Coffee Beans = Fruit Seeds
Coffee seeds are products of the cherries that come off of coffee trees. Yep that’s right, your beloved coffee beans are actually fruit seeds. Like any produce, the cherries encompass flavors from the region in which they are grown. But, that isn't as simple as it sounds... Soil composition, altitude, oxygen levels, climate, and sun cover all have a major effect on the flavors produced in any given region.

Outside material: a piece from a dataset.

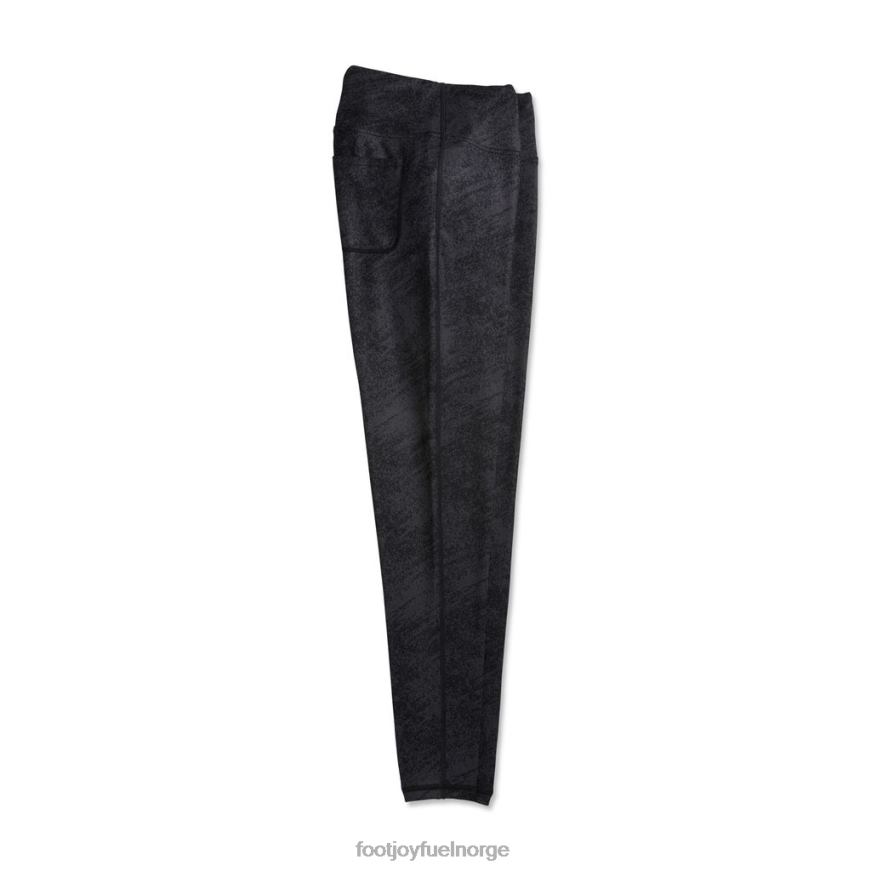 svart trykt leggings kvinner-forrige sesong stil R6P2F2591 svart Footjoy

To make things even more complicated, there are many varieties of coffee trees and farmers decide which trees to plant based on their particular growing needs as well as seed availability and how likely they are to fetch good market prices.
Coffee Processing and Flavor
On top of the natural flavor development of coffee, the processing method of coffee cherries is key to flavor enhancement. How a farmer removes the seeds from the cherry is vital. Future blogs will dive into the magic of different processing methods and how you can use that knowledge to find your perfect coffee. These variables make up 99% of your coffee’s flavor. But there are still some stops to make on the flavor journey.
Flavor and Roasting
How about the roast? Roasting absolutely can make or break all those flavor contributors mentioned above. We, like many roasters, want to exemplify the flavors that are cultivated on the farming level. Every roaster approaches their coffee a little differently. At La Terza we offer a range of medium roasted beans, each with a customized roast profile that we believe brings the best of flavors out in each. Our coffee bags list the tasting notes we find in the coffee as well as the coffee’s body (mouth feel) and its acidity level.
You a dark roast person? No problem! Grab a full bodied low acidity coffee with chocolate and nut flavors.
Light roast? Go lighter on the body.
Roasting is a delicate dance between making sure you develop your bean enough it isn't bitter like unripe fruit yet not over roasting it, burning it and making it another type of bitter. Think burnt stove top caramel.
Tasting Notes For Coffee
So where do we come up with those fun tasting notes? When sampling our coffees and developing those ideal roast profiles we grade the flavors. Pro-tip, all coffees have tasting notes of chocolate. But even that boasts a huge variety of options. The real trick is to generalize the notes you see on your bag. We might taste grapefruit, so you can assume there’s some citrus in the flavor profile.
You play a role in flavor as well. How you brew has a major impact on the
extraction of flavor. Brewing water too hot? You are in for some bitter scorched flavors. (hint, keep your water between 205 and 195 fahrenheit. Typically a coarse ground coffee will extract less flavor, hence why french presses need full immersion and longer steep times. Don’t believe me? Take one of our brew methods classes and see the huge difference methodology makes.
Coffee is complex, that’s why you see terms like “artisan” and “craft” used in the industry. Lot’s of work goes into a delicious cup of coffee from the farm, to the roaster, to you! Try some flavor profiles you have never associated with coffee and surprise your taste buds!